**** Input data ****
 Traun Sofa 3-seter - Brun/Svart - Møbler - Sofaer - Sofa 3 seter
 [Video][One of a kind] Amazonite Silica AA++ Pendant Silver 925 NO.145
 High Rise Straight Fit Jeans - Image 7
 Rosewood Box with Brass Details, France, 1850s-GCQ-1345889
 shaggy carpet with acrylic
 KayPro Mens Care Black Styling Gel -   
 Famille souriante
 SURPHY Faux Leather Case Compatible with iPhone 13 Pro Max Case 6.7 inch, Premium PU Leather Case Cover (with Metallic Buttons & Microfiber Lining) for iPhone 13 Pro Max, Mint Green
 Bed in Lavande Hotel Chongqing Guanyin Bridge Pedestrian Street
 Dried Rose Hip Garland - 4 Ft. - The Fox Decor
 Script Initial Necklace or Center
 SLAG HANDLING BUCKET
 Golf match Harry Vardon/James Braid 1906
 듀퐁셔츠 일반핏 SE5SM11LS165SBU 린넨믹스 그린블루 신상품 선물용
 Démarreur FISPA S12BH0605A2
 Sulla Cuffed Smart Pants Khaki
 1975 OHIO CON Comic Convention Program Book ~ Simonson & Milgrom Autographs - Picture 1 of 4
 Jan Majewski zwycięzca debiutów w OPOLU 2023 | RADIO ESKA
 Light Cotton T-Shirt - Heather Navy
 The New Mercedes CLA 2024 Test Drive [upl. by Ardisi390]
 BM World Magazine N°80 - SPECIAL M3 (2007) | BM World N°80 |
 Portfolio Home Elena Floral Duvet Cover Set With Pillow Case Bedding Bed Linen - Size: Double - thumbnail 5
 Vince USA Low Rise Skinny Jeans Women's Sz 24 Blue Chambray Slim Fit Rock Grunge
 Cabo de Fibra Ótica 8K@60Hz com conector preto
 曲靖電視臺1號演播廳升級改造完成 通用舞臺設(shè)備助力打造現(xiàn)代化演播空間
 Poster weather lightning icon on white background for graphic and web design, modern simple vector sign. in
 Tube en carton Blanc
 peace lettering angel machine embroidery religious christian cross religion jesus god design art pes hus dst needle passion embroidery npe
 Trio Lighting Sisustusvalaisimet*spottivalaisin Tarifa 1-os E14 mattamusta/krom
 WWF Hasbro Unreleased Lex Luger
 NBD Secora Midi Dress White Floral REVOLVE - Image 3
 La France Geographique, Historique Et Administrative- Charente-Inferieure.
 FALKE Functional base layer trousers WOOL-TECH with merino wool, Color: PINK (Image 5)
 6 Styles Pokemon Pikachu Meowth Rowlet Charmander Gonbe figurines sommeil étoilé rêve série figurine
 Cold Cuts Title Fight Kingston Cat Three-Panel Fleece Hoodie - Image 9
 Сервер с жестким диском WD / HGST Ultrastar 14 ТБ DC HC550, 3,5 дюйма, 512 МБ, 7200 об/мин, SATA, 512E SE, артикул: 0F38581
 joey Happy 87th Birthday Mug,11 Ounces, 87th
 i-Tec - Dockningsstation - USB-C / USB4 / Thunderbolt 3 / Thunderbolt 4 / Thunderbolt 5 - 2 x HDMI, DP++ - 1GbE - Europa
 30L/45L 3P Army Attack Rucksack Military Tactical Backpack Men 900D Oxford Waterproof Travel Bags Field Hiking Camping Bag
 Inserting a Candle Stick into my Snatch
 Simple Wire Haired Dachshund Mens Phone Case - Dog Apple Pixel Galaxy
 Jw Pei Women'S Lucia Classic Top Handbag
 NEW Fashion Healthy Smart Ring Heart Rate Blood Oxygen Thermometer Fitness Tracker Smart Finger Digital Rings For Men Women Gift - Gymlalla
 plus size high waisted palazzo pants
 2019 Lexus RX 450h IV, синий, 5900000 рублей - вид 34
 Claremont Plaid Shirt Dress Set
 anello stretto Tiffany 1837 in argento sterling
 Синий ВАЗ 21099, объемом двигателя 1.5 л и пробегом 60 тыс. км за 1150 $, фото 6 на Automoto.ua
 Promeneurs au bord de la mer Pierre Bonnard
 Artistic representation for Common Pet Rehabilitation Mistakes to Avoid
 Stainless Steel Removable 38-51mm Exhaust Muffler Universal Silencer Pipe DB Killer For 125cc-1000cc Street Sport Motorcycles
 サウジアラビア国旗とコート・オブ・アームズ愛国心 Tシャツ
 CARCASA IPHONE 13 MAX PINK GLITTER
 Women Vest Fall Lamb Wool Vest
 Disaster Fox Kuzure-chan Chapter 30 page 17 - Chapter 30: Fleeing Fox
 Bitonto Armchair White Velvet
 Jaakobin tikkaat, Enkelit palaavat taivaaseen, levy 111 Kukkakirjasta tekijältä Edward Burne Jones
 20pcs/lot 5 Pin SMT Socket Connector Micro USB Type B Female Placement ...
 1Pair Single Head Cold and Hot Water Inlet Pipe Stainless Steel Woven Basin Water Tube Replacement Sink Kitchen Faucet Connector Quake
****
* _Task requirements_
Among the entries above, copy exactly only the lines starting with the one containing "Artistic representation for" and going through the one containing "CARCASA IPHONE 13 MAX PINK GLITTER", both ends included.

* _Solution to this task_
 Artistic representation for Common Pet Rehabilitation Mistakes to Avoid
 Stainless Steel Removable 38-51mm Exhaust Muffler Universal Silencer Pipe DB Killer For 125cc-1000cc Street Sport Motorcycles
 サウジアラビア国旗とコート・オブ・アームズ愛国心 Tシャツ
 CARCASA IPHONE 13 MAX PINK GLITTER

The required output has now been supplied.